The Myth About UDFA’s

Clement’s skill set did not implore any of the 32 teams to spend any draft capital on him. That means he must not have been that good of a player, right? Maybe, but that is not always the case. Don’t worry, I am not going to point out the various UDFAs from the past that have found success in the NFL. There have certainly been success stories but, in large part, the NFL tends to get it mostly right. For every success story, there are hundreds of UDFAs that do not make it in the league. What I will point out, though, is that a player’s value on draft weekend does not necessarily reflect the value they can have for a team.

The NFL draft is a market. It can equated to the market we enter when making a large purchase, a new laptop for example. When purchasing a laptop, there is a delicate balance between obtaining all the features you want within a price range you are comfortable with. You might decide to save some money and sacrifice some features, as long as you don’t need those features for your daily use. For example, I will never pay top dollar for crazy amounts of memory and processing speed because I have an external hard drive and don’t use my laptop for gaming.

The NFL draft is very similar to the purchasing process for a laptop. Players are valued based on how many roles they can fill for a team and how well they can fill those roles. A player like Ezekiel Elliot is a top of the line laptop. He fills a wide variety of roles and fills them really well and is therefore a highly valued player.
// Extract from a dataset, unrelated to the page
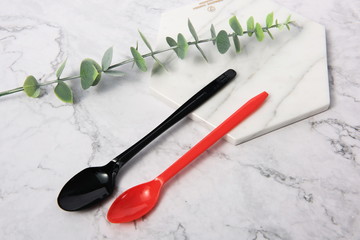 A disposable fork spoon. Quick and comfortable to use at parties. Recycle tableware. Plastic processing problems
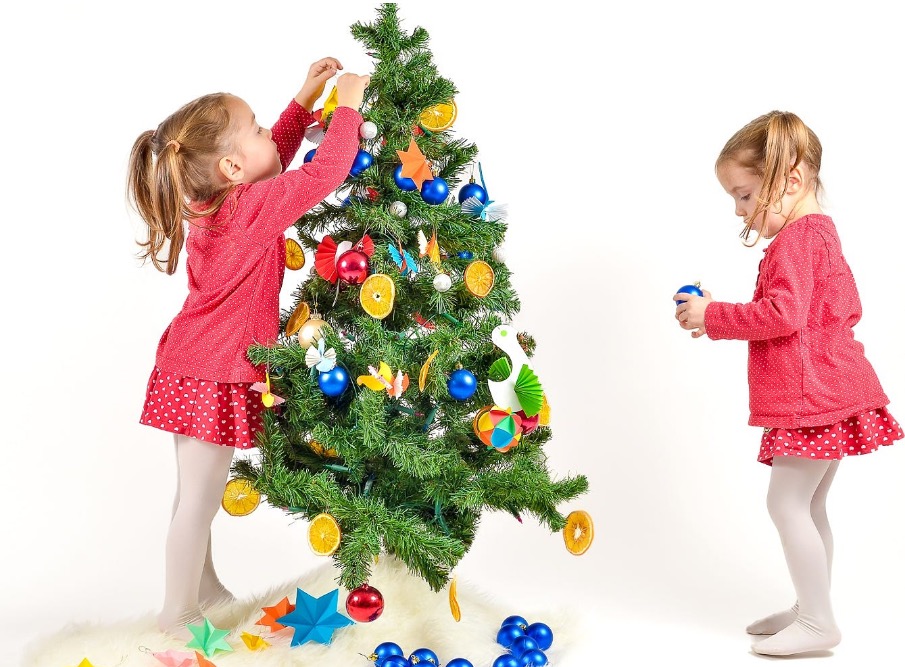 Children are decorating Christmas Tree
Then there are middle of the road laptops, players like Jamaal Williams or Wayne Gallman. They fill many of the same roles that Elliot does but don’t execute in those roles nearly as well and are therefore, a lesser value. Clement is the bargain laptop. He doesn’t have many of the new, exciting features but his memory and processing speed is perfect for the average laptop user. Clement may be able to run between the tackles just as well as Williams or Gallman. In fact, it is not a stretch to say he might be even better than either of them in that area. But, it is the versatility and all of the other things that Williams and Gallman can do that make them the better overall prospects in the NFL draft market.

A player’s draft value, however, does not equal the value they can provide to their team. For the Philadelphia Eagles, who have Sproles and Pumphrey to eat up the passing down work, they don’t need that extra versatility that Gallman or Williams provide. They need someone who can sacrifice his body and stick the ball up in the hole for four yards on first down which, coincidentally, is what got us all “excited” about Clement.

Corey Clement will not be a franchise changing player who will lead the Eagles to the promised land, he may not even make it out of training camp. The Eagles most certainly will not retain five running backs. Maybe Clement struggles to pick up the playbook or adjust to the speed of the game. Maybe Smallwood takes a leap heading into his second year and keeps his spot on the roster. Regardless of the outcome, however, there is a role that needs to be filled in the Eagles backfield, even with Blount on the roster. Someone needs to step up and fill that role and, despite not being worthy of anyone’s draft capital, Clement has as much a chance as anyone to do it.